───── Material supplied ─────

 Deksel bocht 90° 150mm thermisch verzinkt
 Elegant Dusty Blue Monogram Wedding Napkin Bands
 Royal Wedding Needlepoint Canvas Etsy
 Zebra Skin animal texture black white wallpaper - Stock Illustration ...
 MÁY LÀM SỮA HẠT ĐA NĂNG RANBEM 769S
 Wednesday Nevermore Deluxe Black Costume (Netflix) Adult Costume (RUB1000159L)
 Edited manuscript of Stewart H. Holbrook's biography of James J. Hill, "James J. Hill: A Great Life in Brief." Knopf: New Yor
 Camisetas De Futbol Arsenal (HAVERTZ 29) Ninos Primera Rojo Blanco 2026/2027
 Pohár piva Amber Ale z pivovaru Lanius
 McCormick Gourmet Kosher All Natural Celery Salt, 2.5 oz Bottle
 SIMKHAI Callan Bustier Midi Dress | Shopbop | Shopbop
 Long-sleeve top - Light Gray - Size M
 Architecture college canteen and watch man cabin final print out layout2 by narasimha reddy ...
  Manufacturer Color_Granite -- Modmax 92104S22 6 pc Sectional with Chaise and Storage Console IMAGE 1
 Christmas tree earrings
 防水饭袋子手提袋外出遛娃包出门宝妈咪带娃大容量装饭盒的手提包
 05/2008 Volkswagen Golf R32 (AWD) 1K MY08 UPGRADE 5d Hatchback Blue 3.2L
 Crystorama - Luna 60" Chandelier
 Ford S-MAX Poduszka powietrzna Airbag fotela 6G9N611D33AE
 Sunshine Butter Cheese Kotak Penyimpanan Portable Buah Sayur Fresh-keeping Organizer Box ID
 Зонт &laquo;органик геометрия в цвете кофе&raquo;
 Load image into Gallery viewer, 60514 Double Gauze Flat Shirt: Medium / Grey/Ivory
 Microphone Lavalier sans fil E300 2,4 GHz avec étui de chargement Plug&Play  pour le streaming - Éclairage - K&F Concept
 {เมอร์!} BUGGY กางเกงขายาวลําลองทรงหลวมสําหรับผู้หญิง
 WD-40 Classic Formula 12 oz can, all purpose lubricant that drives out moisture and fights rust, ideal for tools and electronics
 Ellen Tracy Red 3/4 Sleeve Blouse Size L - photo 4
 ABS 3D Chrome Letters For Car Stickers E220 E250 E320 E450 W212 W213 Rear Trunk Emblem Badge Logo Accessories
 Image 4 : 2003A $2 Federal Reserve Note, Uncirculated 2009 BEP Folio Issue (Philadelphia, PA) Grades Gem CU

─────

Without changing a single character, write out all of the entries.

 Deksel bocht 90° 150mm thermisch verzinkt
 Elegant Dusty Blue Monogram Wedding Napkin Bands
 Royal Wedding Needlepoint Canvas Etsy
 Zebra Skin animal texture black white wallpaper - Stock Illustration ...
 MÁY LÀM SỮA HẠT ĐA NĂNG RANBEM 769S
 Wednesday Nevermore Deluxe Black Costume (Netflix) Adult Costume (RUB1000159L)
 Edited manuscript of Stewart H. Holbrook's biography of James J. Hill, "James J. Hill: A Great Life in Brief." Knopf: New Yor
 Camisetas De Futbol Arsenal (HAVERTZ 29) Ninos Primera Rojo Blanco 2026/2027
 Pohár piva Amber Ale z pivovaru Lanius
 McCormick Gourmet Kosher All Natural Celery Salt, 2.5 oz Bottle
 SIMKHAI Callan Bustier Midi Dress | Shopbop | Shopbop
 Long-sleeve top - Light Gray - Size M
 Architecture college canteen and watch man cabin final print out layout2 by narasimha reddy ...
  Manufacturer Color_Granite -- Modmax 92104S22 6 pc Sectional with Chaise and Storage Console IMAGE 1
 Christmas tree earrings
 防水饭袋子手提袋外出遛娃包出门宝妈咪带娃大容量装饭盒的手提包
 05/2008 Volkswagen Golf R32 (AWD) 1K MY08 UPGRADE 5d Hatchback Blue 3.2L
 Crystorama - Luna 60" Chandelier
 Ford S-MAX Poduszka powietrzna Airbag fotela 6G9N611D33AE
 Sunshine Butter Cheese Kotak Penyimpanan Portable Buah Sayur Fresh-keeping Organizer Box ID
 Зонт &laquo;органик геометрия в цвете кофе&raquo;
 Load image into Gallery viewer, 60514 Double Gauze Flat Shirt: Medium / Grey/Ivory
 Microphone Lavalier sans fil E300 2,4 GHz avec étui de chargement Plug&Play  pour le streaming - Éclairage - K&F Concept
 {เมอร์!} BUGGY กางเกงขายาวลําลองทรงหลวมสําหรับผู้หญิง
 WD-40 Classic Formula 12 oz can, all purpose lubricant that drives out moisture and fights rust, ideal for tools and electronics
 Ellen Tracy Red 3/4 Sleeve Blouse Size L - photo 4
 ABS 3D Chrome Letters For Car Stickers E220 E250 E320 E450 W212 W213 Rear Trunk Emblem Badge Logo Accessories
 Image 4 : 2003A $2 Federal Reserve Note, Uncirculated 2009 BEP Folio Issue (Philadelphia, PA) Grades Gem CU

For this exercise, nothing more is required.